About this exercise:
Below are some entries. Copy each line in them that holds "Black".

Record excerpts:
※

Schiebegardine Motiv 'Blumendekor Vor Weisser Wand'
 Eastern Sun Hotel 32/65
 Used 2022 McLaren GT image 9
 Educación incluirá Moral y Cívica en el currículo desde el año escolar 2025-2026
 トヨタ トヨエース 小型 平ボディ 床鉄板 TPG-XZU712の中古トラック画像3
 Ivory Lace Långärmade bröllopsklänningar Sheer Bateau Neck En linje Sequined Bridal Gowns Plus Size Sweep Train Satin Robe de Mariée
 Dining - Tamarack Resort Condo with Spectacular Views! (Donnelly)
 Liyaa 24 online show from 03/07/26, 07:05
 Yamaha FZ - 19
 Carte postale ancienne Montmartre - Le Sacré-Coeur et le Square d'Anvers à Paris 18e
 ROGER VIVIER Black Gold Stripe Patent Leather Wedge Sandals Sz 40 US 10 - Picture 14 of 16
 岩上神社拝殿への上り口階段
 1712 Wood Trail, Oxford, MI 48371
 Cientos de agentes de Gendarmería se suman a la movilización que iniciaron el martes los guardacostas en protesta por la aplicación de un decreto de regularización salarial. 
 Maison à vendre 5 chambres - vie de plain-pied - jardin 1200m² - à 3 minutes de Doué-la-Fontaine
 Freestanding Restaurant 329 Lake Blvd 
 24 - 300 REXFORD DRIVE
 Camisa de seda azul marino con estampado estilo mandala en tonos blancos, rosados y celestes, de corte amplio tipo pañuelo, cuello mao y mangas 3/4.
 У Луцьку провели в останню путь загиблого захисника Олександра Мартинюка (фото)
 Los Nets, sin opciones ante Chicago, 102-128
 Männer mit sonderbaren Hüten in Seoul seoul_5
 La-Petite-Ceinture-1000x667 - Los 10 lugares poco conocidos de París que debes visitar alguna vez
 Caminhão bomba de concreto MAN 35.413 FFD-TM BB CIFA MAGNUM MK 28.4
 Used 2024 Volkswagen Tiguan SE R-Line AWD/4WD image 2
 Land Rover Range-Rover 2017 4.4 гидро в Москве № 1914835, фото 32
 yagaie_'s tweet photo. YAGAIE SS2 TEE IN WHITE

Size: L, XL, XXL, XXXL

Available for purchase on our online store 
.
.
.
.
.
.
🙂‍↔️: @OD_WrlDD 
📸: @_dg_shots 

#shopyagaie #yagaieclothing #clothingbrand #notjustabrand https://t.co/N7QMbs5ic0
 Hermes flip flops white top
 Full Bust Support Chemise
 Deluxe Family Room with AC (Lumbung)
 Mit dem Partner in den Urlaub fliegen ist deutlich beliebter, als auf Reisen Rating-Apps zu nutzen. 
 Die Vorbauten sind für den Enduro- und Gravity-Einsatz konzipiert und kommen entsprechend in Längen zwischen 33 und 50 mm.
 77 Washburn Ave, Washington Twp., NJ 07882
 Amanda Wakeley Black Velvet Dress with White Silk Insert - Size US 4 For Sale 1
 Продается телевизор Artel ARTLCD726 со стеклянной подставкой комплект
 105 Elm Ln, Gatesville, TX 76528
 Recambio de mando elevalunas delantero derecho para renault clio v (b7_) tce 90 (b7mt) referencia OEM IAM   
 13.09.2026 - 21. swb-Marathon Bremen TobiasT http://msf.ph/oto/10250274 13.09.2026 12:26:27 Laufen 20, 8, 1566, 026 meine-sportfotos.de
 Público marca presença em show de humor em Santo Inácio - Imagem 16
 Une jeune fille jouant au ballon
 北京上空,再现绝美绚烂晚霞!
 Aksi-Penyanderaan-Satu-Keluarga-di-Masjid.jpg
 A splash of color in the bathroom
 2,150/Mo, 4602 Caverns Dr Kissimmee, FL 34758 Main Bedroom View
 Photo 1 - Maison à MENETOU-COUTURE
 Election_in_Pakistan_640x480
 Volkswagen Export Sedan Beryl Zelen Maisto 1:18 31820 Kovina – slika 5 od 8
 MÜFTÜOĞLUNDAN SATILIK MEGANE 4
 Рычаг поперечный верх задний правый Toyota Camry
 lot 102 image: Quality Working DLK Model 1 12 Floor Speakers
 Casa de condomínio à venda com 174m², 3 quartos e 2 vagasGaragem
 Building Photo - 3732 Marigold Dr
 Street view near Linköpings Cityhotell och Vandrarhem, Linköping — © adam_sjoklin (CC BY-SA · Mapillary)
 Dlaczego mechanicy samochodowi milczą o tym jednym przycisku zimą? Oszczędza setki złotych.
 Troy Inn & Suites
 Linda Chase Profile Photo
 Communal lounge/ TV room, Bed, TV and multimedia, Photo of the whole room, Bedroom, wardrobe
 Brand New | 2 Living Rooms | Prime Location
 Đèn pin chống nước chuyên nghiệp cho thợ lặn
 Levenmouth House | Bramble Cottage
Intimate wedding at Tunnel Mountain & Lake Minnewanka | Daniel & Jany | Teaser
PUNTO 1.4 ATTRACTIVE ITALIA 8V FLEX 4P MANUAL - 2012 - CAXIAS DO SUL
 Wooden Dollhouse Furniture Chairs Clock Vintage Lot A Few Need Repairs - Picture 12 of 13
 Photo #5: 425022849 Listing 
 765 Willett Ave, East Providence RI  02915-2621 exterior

※

Answer below:
 ROGER VIVIER Black Gold Stripe Patent Leather Wedge Sandals Sz 40 US 10 - Picture 14 of 16
 Amanda Wakeley Black Velvet Dress with White Silk Insert - Size US 4 For Sale 1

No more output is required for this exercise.